Plotting all of a trigonometric function (x^2 + y^2 == 1) with matplotlib and python

Question

As an exercise in learning Matplotlib and improving my math/coding I decided to try and plot a trigonometric function (x squared plus y squared equals one).

Trigonometric functions are also called "circular" functions but I am only producing half the circle.

#Attempt to plot equation x^2 + y^2 == 1

import numpy as np
import matplotlib.pyplot as plt
import math

x = np.linspace(-1, 1, 21)  #generate np.array of X values -1 to 1 in 0.1 increments
x_sq = [i**2 for i in x]

y = [math.sqrt(1-(math.pow(i, 2))) for i in x]   #calculate y for each value in x
y_sq = [i**2 for i in y]

#Print for debugging / sanity check
for i,j in zip(x_sq, y_sq):
    print('x: {:1.4f}    y: {:1.4f}         x^2: {:1.4f}    y^2: {:1.4f}         x^2 + Y^2 = {:1.4f}'.format(math.sqrt(i), math.sqrt(j), i, j, i+j))

#Format how the chart displays
plt.figure(figsize=(6, 4))
plt.axhline(y=0, color='y')
plt.axvline(x=0, color='y')
plt.grid()

plt.plot(x, y, 'rx')

plt.show()

I want to plot the full circle. My code only produces the positive y values and I want to plot the full circle.

Here is how the full plot should look. I used Wolfram Alpha to generate it.

Ideally I don't want solutions where the lifting is done for me such as using matplotlib.pyplot.contour. As a learning exercise, I want to "see the working" so to speak. Namely I ideally want to generate all the values and plot them "manually".
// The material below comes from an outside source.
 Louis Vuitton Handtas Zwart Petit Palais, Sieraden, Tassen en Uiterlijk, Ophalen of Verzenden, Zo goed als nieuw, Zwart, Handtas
The only method I can think of is to re-arrange the equation and generate a set of negative y values with calculated x values then plot them separately. I am sure there is a better way to achieve the outcome and I am sure one of the gurus on Stack Overflow will know what those options are.

Any help will be gratefully received. :-)

Answer 1

The equation x**2 + y**2 = 1 describes a circle with radius 1 around the origin. But suppose you wouldn't know this already, you can still try to write this equation in polar coordinates,

x = r*cos(phi)
y = r*sin(phi)
(r*cos(phi))**2 + (r*sin(phi))**2 == 1
r**2*(cos(phi)**2 + sin(phi)**2) == 1

Due to the trigonometric identity cos(phi)**2 + sin(phi)**2 == 1 this reduces to

r**2 == 1

and since r should be real,

r == 1

(for any phi).

Plugging this into python:

import numpy as np
import matplotlib.pyplot as plt

phi = np.linspace(0, 2*np.pi, 200)
r = 1
x = r*np.cos(phi)
y = r*np.sin(phi)
plt.plot(x,y)
plt.axis("equal")
plt.show()

Answer 2

This happens because the square root returns only the positive value, so you need to take those values and turn them into negative values.

You can do something like this:

import numpy as np
import matplotlib.pyplot as plt

r = 1 # radius 
x = np.linspace(-r, r, 1000)
y = np.sqrt(r-x**2)

plt.figure(figsize=(5,5), dpi=100) # figsize=(n,n), n needs to be equal so the image doesn't flatten out
plt.grid(linestyle='-', linewidth=2)
plt.plot(x, y, color='g')
plt.plot(x, -y, color='r')
plt.legend(['Positive y', 'Negative y'], loc='lower right')
plt.axhline(y=0, color='b')
plt.axvline(x=0, color='b')
plt.show()

And that should return this: PLOT